## [INSTRUCTIONS FOR THE TASK]
Starting with the line that contains "Trải nghiệm trực", copy every line through the end of the listing, exactly and only those. No pictures should appear in the copy.

STORED DATA section start

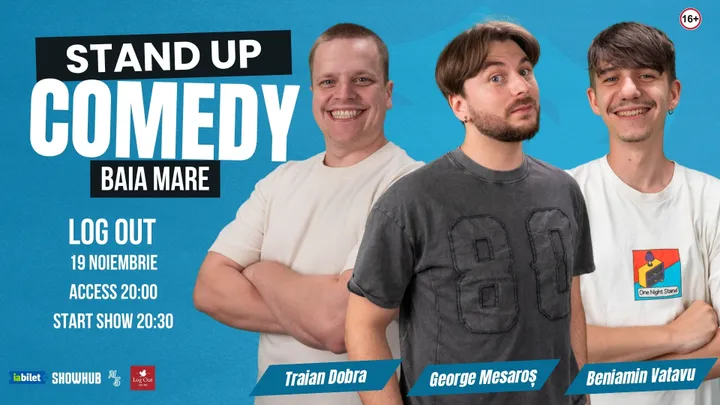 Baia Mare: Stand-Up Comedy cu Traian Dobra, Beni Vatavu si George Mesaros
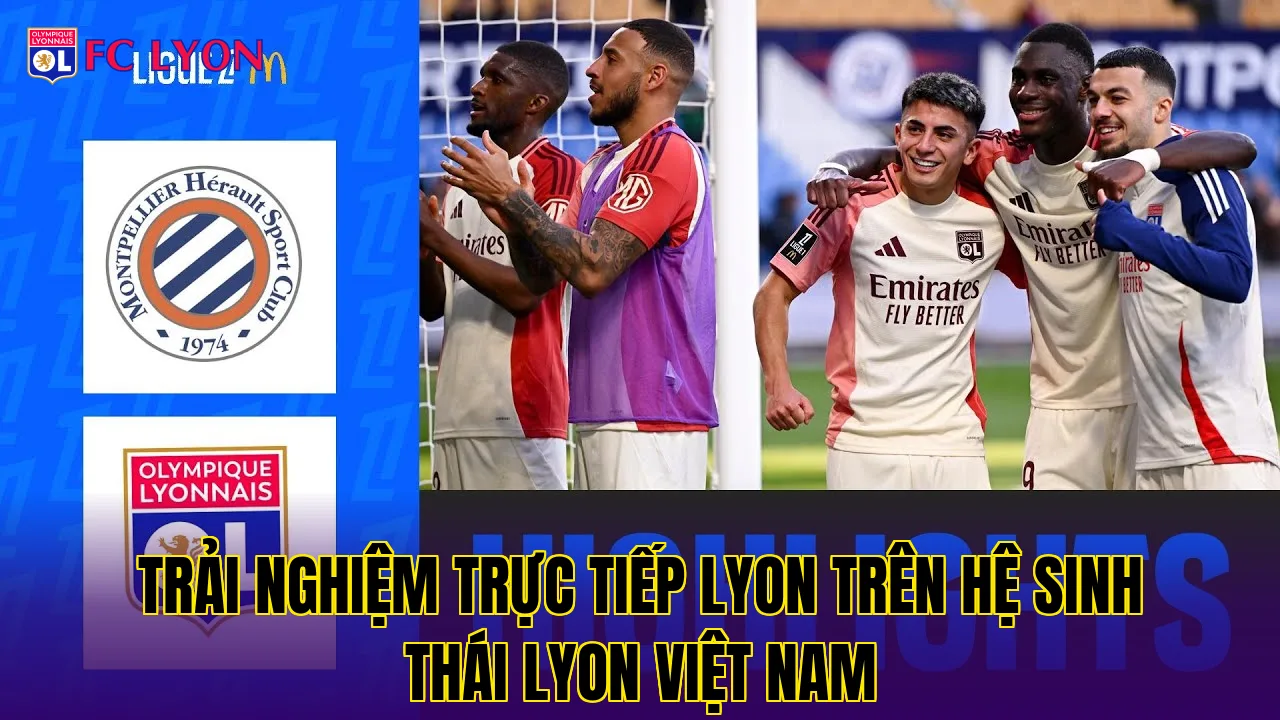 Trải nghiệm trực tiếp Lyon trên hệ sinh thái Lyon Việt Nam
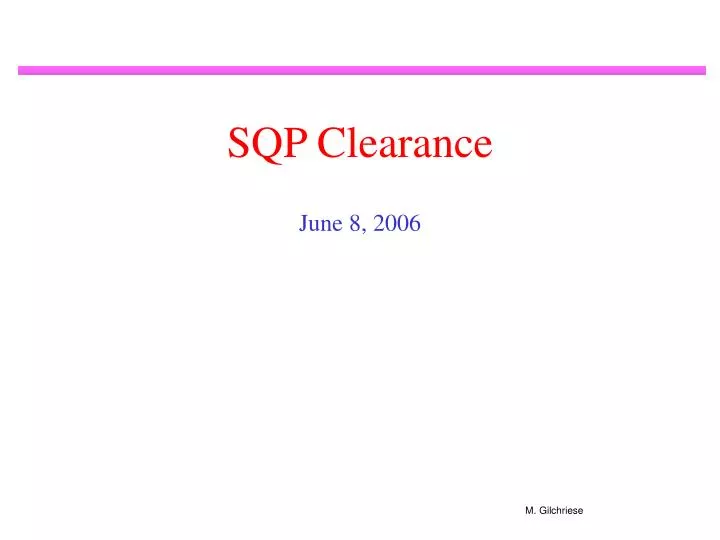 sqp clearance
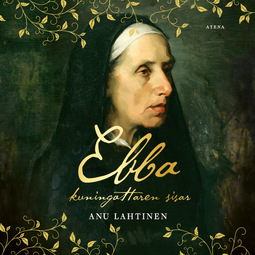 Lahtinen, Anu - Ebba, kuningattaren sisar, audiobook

STORED DATA section end

## [YOUR RESPONSE]
 Trải nghiệm trực tiếp Lyon trên hệ sinh thái Lyon Việt Nam
 sqp clearance
 Lahtinen, Anu - Ebba, kuningattaren sisar, audiobook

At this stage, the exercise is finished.